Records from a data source

────

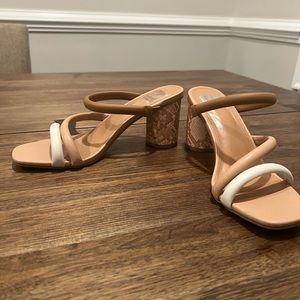 Dolce vita tan and white sandals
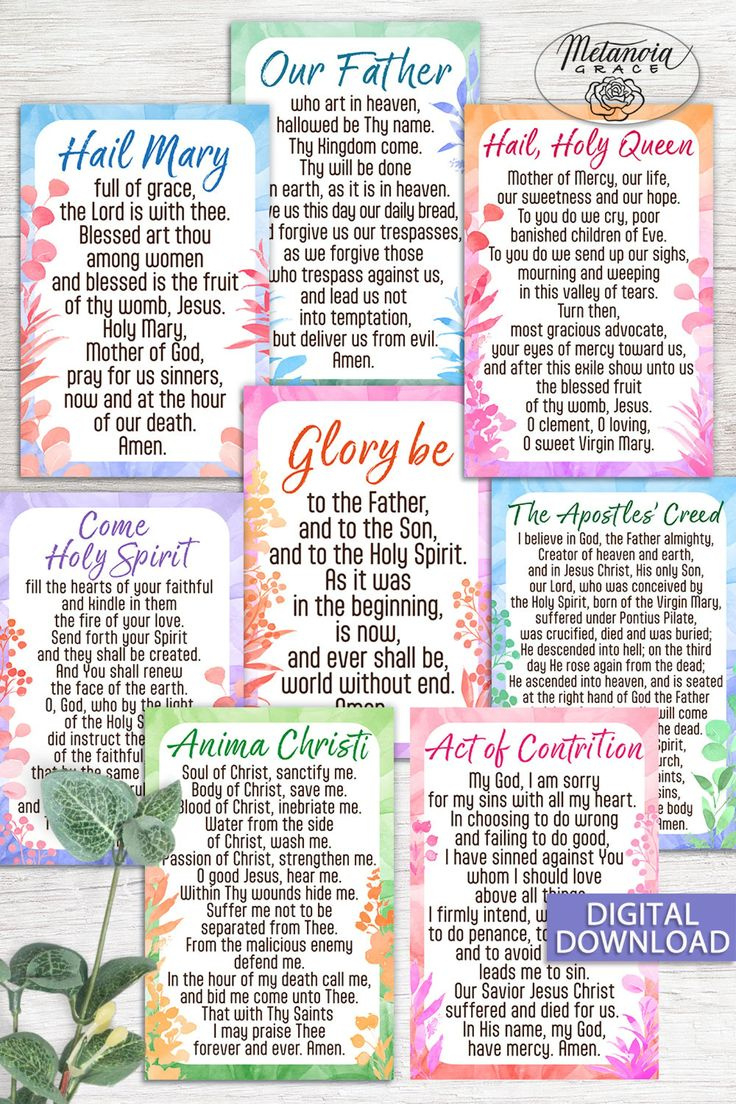 Popular Catholic Prayers, Traditional Prayer Cards, Printable regarding Free Printable Catholic Prayer Cards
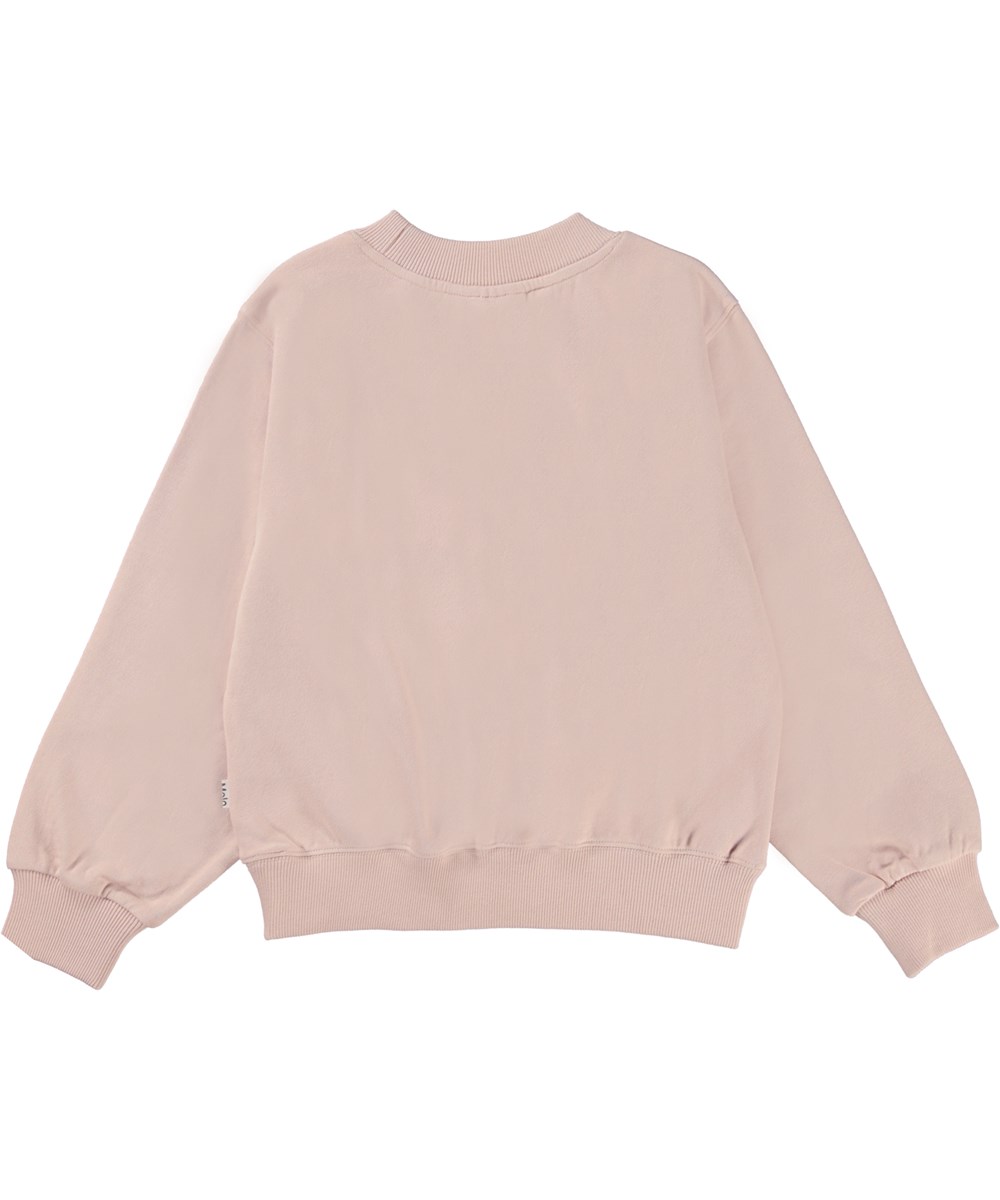 Marge - Mushroom Fun - Lyserød økologisk sweatshirt med svampebroderi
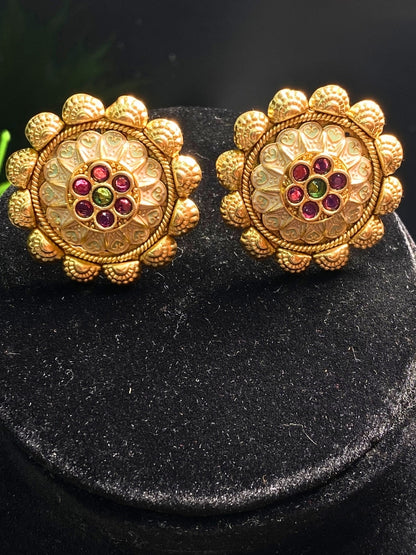 Traditional Gold Plated Flower Stud Earrings with Kemp Stones - Temple Jewelry Style Earrings for Women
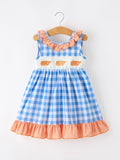 Summer Whale Embroidery Girls Dress Plaid Ruffle Collar - 1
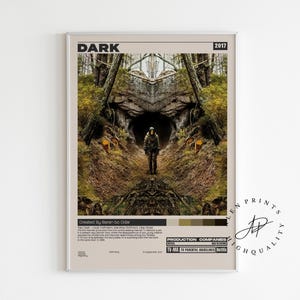 Póster oscuro, serie de televisión oscura, Baran bo Odar, serie de televisión minimalista, impresión de arte retro vintage, impresión de arte mural, moderno de mediados de siglo, póster de serie de televisión
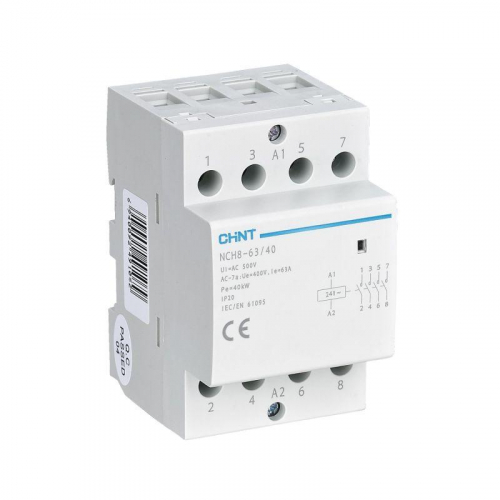Контактор модульный NCH8-63/40 63А 4НО AC 24В 50Гц (R) CHINT 256100 Контактор модульный NCH8-63/40 63А 4НО AC 24В 50Гц (R) CHINT 256100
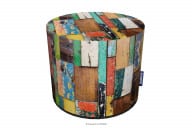 Mehrfarbiger Pouffe wasserfestes Holzmotiv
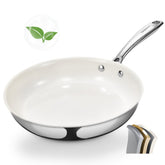 Sakamosh sartén de 9,5 pulgadas tri-ply, vista superior, cocción uniforme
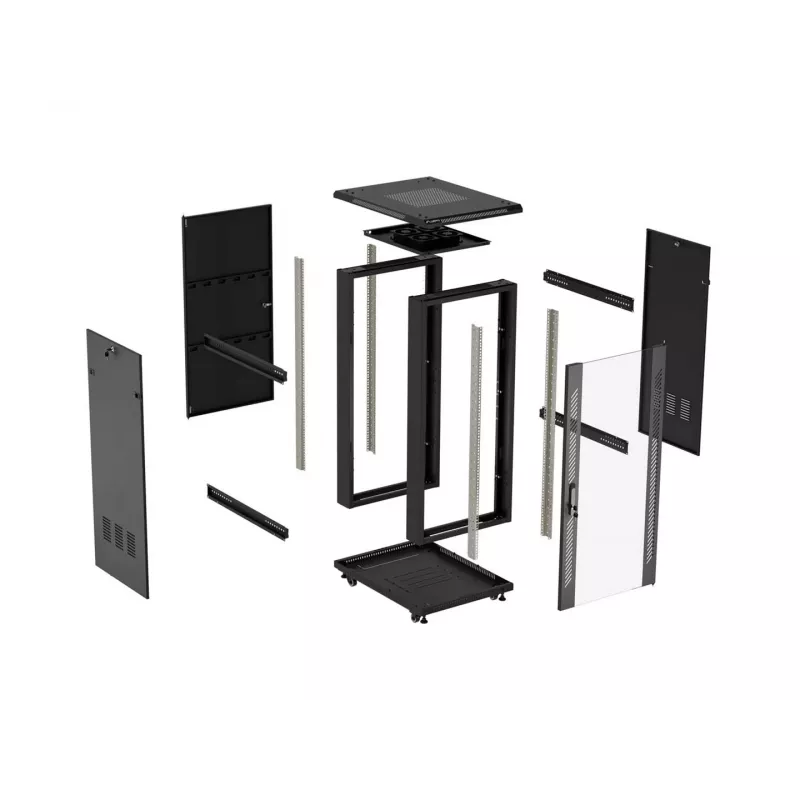 LANBERG Rack armario servidor de pie 18U 19 pulgadas 600x800mm Negro con puerta de cristal templado (Flat Pack)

────

How to complete this task
Every entry above should come back exactly as written, except for its pictures.

Written response
 Dolce vita tan and white sandals
 Popular Catholic Prayers, Traditional Prayer Cards, Printable regarding Free Printable Catholic Prayer Cards
 Marge - Mushroom Fun - Lyserød økologisk sweatshirt med svampebroderi
 Traditional Gold Plated Flower Stud Earrings with Kemp Stones - Temple Jewelry Style Earrings for Women
 Summer Whale Embroidery Girls Dress Plaid Ruffle Collar - 1
 Póster oscuro, serie de televisión oscura, Baran bo Odar, serie de televisión minimalista, impresión de arte retro vintage, impresión de arte mural, moderno de mediados de siglo, póster de serie de televisión
Контактор модульный NCH8-63/40 63А 4НО AC 24В 50Гц (R) CHINT 256100 Контактор модульный NCH8-63/40 63А 4НО AC 24В 50Гц (R) CHINT 256100
 Mehrfarbiger Pouffe wasserfestes Holzmotiv
 Sakamosh sartén de 9,5 pulgadas tri-ply, vista superior, cocción uniforme
 LANBERG Rack armario servidor de pie 18U 19 pulgadas 600x800mm Negro con puerta de cristal templado (Flat Pack)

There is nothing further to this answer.